Nacido en Dánzing (actual Gdansk) el 16 de octubre de 1927 sus inicios en la escritura fueron en el teatro, pero la narrativa fue la que le dio el lugar. A los 32 años le llegó el gran (aunque en su caso siempre han sido agridulces sus logros) momento: publicaba El tambor de hojalata.

Después vendrían El gato y el ratón (1961) y Años de perro (1963), que junto a El tambor conformarían la Trilogía de Dánzing. Entonces ya su influencia y posición en las letras era la de un gigante. Era la voz ácida, crítica, dura, y también cargada de culpa, que metía la navaja en la llaga alemana. El pasado inmediato, Hitler y el Holocausto, eran su centro, su pilar y su condena.

De hecho, no hubo manera de que una parte del mundo lo juzgara como escritor. Inevitable que varios ojos se centraran en la persona que a los 15 años quería enrolarse voluntariamente en las SS. No importaba su tono, su obra, sus letras; no importaba la culpa que él mismo sabía (y lo decía una y otra vez) que jamás lo abandonaría.

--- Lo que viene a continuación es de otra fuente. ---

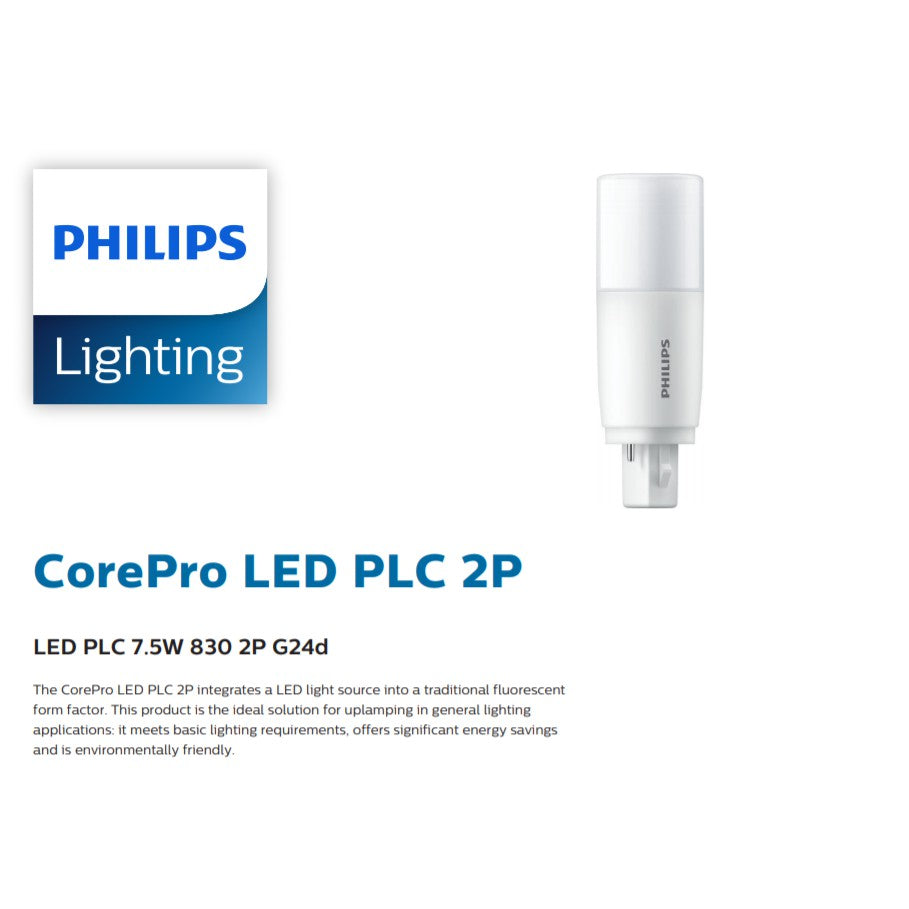 [Bundle of 4] Philips LED PL-C PLC 2P 2Pin G24D 7.5W 9W MyCare Retrofit for 13W 18W PLC fluorescent tube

A los 17 años fue cuando entró en las SS como auxiliar de artillería, en la primera tentativa fue rechazado por la corta edad, la segunda vez ya no fue como voluntario, lo llamaron a filas y el escritor, entonces un joven desgraciadamente fascinado (él así lo escribió) por el poder, se alistó.

El propio Grass lo reconoció en los años sesenta, cuando dejó salir ese pasado que le cargaba las espaldas de culpa y que lo dejaría grabado años después en su obra más polémica: Pelando la cebolla. Fue todo lo explícito que se podía ser, pese a los juicios que se avecinarían y se avecinaron. El revuelo, sin embargo, superó lo que podía esperar quien no había ocultado aquel episodio de su vida, esos meses en las SS que le costaron más de 80 años de carga, responsabilidad y la perenne necesidad de pedir perdón.

La ferocidad de los ataques que tras Pelando la cebolla recibió nunca serían comparables a la honestidad y dureza del juicio propio del alemán: "Es verdad que durante mi adiestramiento en la lucha de tanques, que me embruteció durante el otoño y el invierno, no se sabía nada de los crímenes de guerra que luego salieron a la luz, pero la afirmación de mi ignorancia no podía disimular mi conciencia de haber estado integrado en un sistema que planificó, organizó y llevó a cabo el exterminio de millones de seres humanos. Aunque pudiera convencerme de no haber tenido una culpa activa, siempre quedaba un resto, que hasta hoy no se ha borrado, y que con demasiada frecuencia se llama responsabilidad compartida. Viviré con ella los años que me queden, seguro".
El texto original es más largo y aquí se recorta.